UGA online professor leads Putnam County students to connect with local history
UGA online professor leads Putnam County students to connect with local history
Atlanta playwright Natasha Patel is working with highschool students in Putnam County this year to highlight what it’s like to grow up in their community.
The scenes they’ve written draw on local historical artifacts, including photographs that capture the racial and economic realities of Putnam in the mid-20th century.
For some students, these photographs strike a familiar chord—the street corners where people once gathered nearly a century ago remain virtually unchanged today. For others, those images raise questions about the people in the photographs. What backstories did these people have? What challenges did they face? Were any students related to the people pictured?
By asking these questions, some students discovered new facts about their family lineages, but all of them gained a better understanding of the history of their community.
Theodore Kopcha is an associate professor in the Online Masters of Education in Learning, Design & Technology, Instructional Design & Development program offered through the University of Georgia’s Mary Frances Early College of Education.
Kopcha explains ““The goal of the Putnam Project is to pepper each of the grade levels with activities that are centered around introducing students to hyper-local history questions. By the time students get to 12th grade, they’ve had multiple lessons with different teachers, all of them putting their own spin on this model and addressing the standards that they are responsible for in their own unique way.”
Thanks to a new research-practice partnership grant from the Spencer Foundation, PCCSS and Kopcha will expand their ongoing partnership by weaving it together with Albany State University, a historically Black university in Albany, Georgia.
The grant will allow those involved in the project, including UGA alumnus Christopher Lawton, director of experiential learning of PCCSS, to more fully integrate these two aligned efforts to create a pipeline between PCCSS and ASU, while continuing to develop and shape the Putnam model as a pathway to student success.
One of the primary goals of the Putnam model is to engage high school students across all grade levels with their local past by participating in community projects, which have included researching enslaved communities in the 19th century, re-photographing historical photos, conducting oral histories with older community members who lived through segregation and investigating the history of agriculture and its connections to modern plant biodiversity in the county. By participating in these activities, students develop critical thinking skills and feel empowered to chip away at generational rural poverty.

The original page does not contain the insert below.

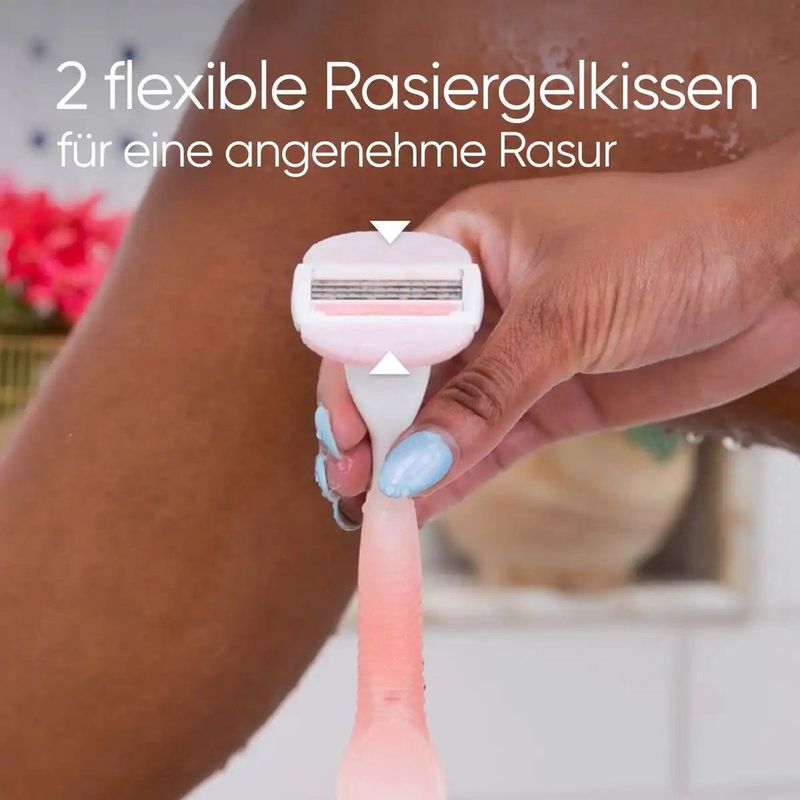 Gillette Venus ComfortGlide Spa Breeze Scheermesjes 8 stuks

“A lot of times the dominant narrative doesn’t always match up with what students are actually experiencing,” said Kopcha. “When the roots of that narrative are left untouched—or when other perspectives on that narrative don’t come to the forefront—students are left feeling like there must be something wrong with them because they’re not experiencing what they think they’re supposed to be experiencing from their community. And so that’s really at the heart of the model.”
The partnership between UGA, PCCSS and ASU aims to flip the paradigm that students need to succeed in college on their own without the support of their institution.

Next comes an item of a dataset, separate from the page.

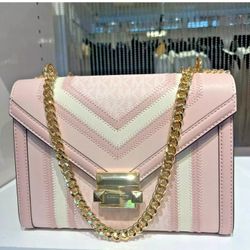 Michael Kors Large Size Witney Crossbody Bag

“Now that we have this direct connection with ASU, we’re asking how we can help students and understand what their expectations are coming in,” added Kopcha. “A common perspective of college is that you either sink or swim. And so, this is really trying to create a space where we’re going to work with each other to figure out what’s best for the student.”
For the project, Kopcha, along with doctoral student Katherine Walters, will continue supporting teachers in PCCSS by conducting professional development workshops with teachers and helping them create project-based learning activities that focus on integrating local history into classroom curricula across a variety of subject areas.